PC-Engine said:
What about when you want to go with more content, like seasons @ 720p. Who's more likely to go multi-disc here?
That's a pretty weak argument since nobody watches a whole seasonn in one sitting. HD DVD and BR will be so close in capacity that mult-discs will be irrelevant.
BRD is the better product, hands down, and will offer much more flexibility for the road ahead. A DL BRD will still do more than a 3L HD-DVD, and so on.
Sure but not by much and surely not enough for any person to care other than people who needs something to brag about.
1. I'm talking about media costs here, not someone actually sitting through a single disc's worth of content. I doubt anyone will want to sit through 20+ episodes of anything. The fact is that as the capacity needs scale higher, BRD's advantage extends. The cost argument seems to fall apart pretty quickly when you start justifying additional layers and discs over what's required for BRD. And this is an already marginal cost argument when you start looking years down the line.
2. So then why do we even need to move from DVD when you can just use WMV-9 and fit an HD movie on a DVD? I don't know why I'm replying. I'm just a masochist, I guess. But by your remarks, it would see that manufacturers saving cents per disc, and half the studios is more important than everything else. Meh, whatever floats your boat. I look at it from an end-user POV, and that IMO means looking years down the line. HD-DVD will need to be upgraded in the future. If for no other reason than to accomodate the need to shove more content into a cheaper package. But IMO, BRD with 2/3 (66.666%) larger capacity, you may very well need that upgrade in the long run, but it's less of a problem than with HD-DVD. Future-proofing benefits the consumer far more than cost savings that will never get passed on to the consumer (retail costs of movies don't reflect media costs). Look how many people are already nervous about having to switch from DVD now. Who wants to go through this same bs in 5 years to switch to HVD? I personally want a movie collection that can last a couple decades. BRD is more likely to achieve that than HD-DVD due directly to these advantages to so quickly ignore.
Why would MPEG2 be used on HD DVD in the first place?

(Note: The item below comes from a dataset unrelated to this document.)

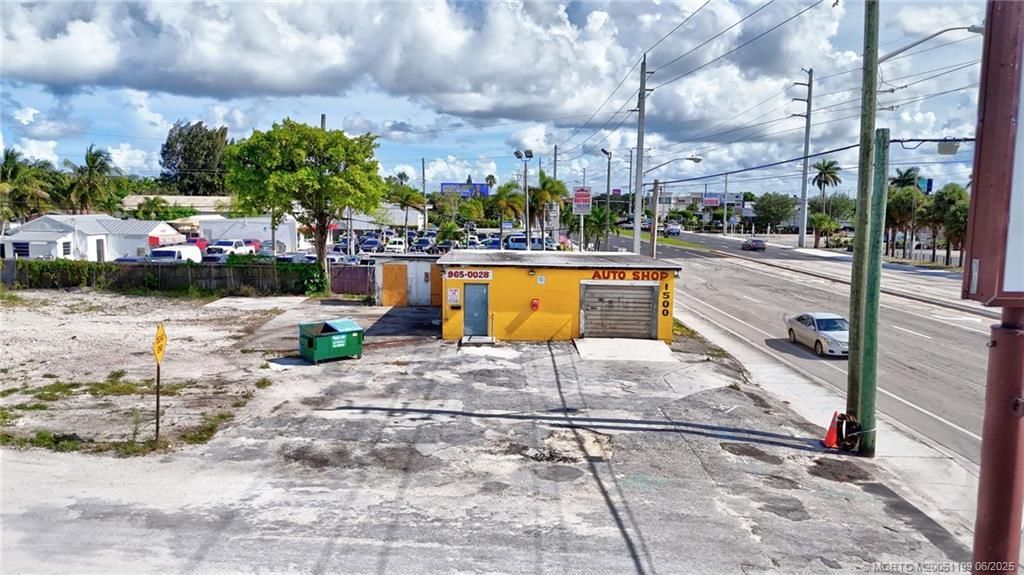 1500 S Military Trail, West Palm Beach, FL 33415 Photo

It's in the spec. H.264 is good for saving bandwidth, not for increasing quality. MPEG4 is no magic compression that can half bandwidth needs while keeping the same quality. How much of a tradeoff in quality there will be depends on the content, but there's certainly a reduction over MPEG-2. There's a reason MPEG-2 is still included in both specs, and it's not just window dressing.
NucNavST3: I was unaware that H.264/VC-1 were the standards chosen as the default encoding used for BRD movies. I thought the last BDA PDF I read stated clearly that they would be using MPEG-2. What need is there for 36Mbps transfer rate if an MPEG4 stream wouldn't need more than 10Mbps? I'm puzzled as to why broadcasts would use a higher bitrate than videos, when broadcasts have much greater bandwidth constraints (switching between 20Mbps feeds @ 720p can't be the quickest thing). But if you're right and MPEG-2 will only be used for broadcasts, then it's a complete wash. And honestly, BRD's capacity would be wasted in that event. I really haven't read that anywhere though. :?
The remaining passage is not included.